Meanwhile, let’s look at the more important things – from stimulus payments to unemployment income to RMDs – that you need to consider.
What is the timeline for filing?
Last year, when you were filing for 2019, the IRS delayed the filing deadline from April 15 to July 1.
That’s not the case this year. This year the IRS started accepting federal returns on February 12 – a little later than usual because it was busy sending out stimulus checks – but it is sticking to the traditional April 15 deadline to file and pay your federal income taxes. (*There are recent changes to certain states due to natural disaster areas.)
You’ll face late payment penalties if you miss the deadline, so you should file for an extension by April 15 if you need more time. That will give you six extra months to file, but you still have to pay any taxes owed by April 15 to avoid penalties.
If you can’t pay the entire tax bill by April 15, you should pay what you can by that deadline. That will lessen the penalties and interest, which can add up quickly.
Don’t hide from the IRS; communicate instead. Several options exist: short-term extensions, payment plans, “offers in compromise” or requests to temporarily delay the collection process until your situation improves. The IRS may waive some penalties, but not the interest charges on the unpaid portion.
Are stimulus payments taxable?
The stimulus payments are not taxable. That’s because the IRS sees those payments as a tax credit, which it calls a “recovery rebate credit.”. It merely paid you an advance on that tax credit, and when you file your taxes, the debit and the credit cancel each other out.
If you’d like more reassurance, this year’s instructions for Form 1040 should provide it. The IRS calls stimulus payments “economic impact payments.” It says, “Any economic impact payments you received are not taxable for federal income tax purposes, but they reduce your recovery rebate credit.”
So, if you got what was due you, you and the IRS are even.
But if you didn’t receive what you were due, you still have recourse. You can claim it on your 2020 tax filing.
Your 2018 or 2019 income was used to calculate the original stimulus checks that were sent out. Maybe it was too high, and you didn’t get a check.
But if your 2020 fell enough to merit more stimulus money, again, you have recourse.

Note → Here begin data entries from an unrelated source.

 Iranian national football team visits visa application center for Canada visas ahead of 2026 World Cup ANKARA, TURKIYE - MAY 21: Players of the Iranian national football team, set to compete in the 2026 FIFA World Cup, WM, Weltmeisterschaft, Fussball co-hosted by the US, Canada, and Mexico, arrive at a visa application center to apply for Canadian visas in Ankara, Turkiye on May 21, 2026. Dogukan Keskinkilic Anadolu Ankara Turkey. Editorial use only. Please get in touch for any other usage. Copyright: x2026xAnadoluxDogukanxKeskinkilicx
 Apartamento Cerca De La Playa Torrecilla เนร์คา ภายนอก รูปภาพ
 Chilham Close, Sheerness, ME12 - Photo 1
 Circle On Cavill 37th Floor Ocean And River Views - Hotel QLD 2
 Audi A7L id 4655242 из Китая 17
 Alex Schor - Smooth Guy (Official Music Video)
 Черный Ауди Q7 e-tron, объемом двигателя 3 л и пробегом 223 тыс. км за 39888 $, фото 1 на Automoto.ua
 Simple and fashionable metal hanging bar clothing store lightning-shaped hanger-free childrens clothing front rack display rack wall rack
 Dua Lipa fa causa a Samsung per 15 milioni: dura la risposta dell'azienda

You may be able to “back claim” the money this year when you file your 2020 federal return. Check with your tax preparer on how to do this.
If the amount owed to you is greater than the taxes you owe on 2020 earnings, you will receive it as a refund.
Are unemployment benefits taxable?
Many Americans found themselves on unemployment in 2020 for the first time in their lives. If that’s your case, you may be wondering if that income is taxable.
Yes, it is, both by the IRS and possibly by the state where you live. All but 15 states tax unemployment compensation. Those states are AL, AK, CA, FL, MT, NV, NH, NJ, PA, SD, TN, TX, VA, WA and WY.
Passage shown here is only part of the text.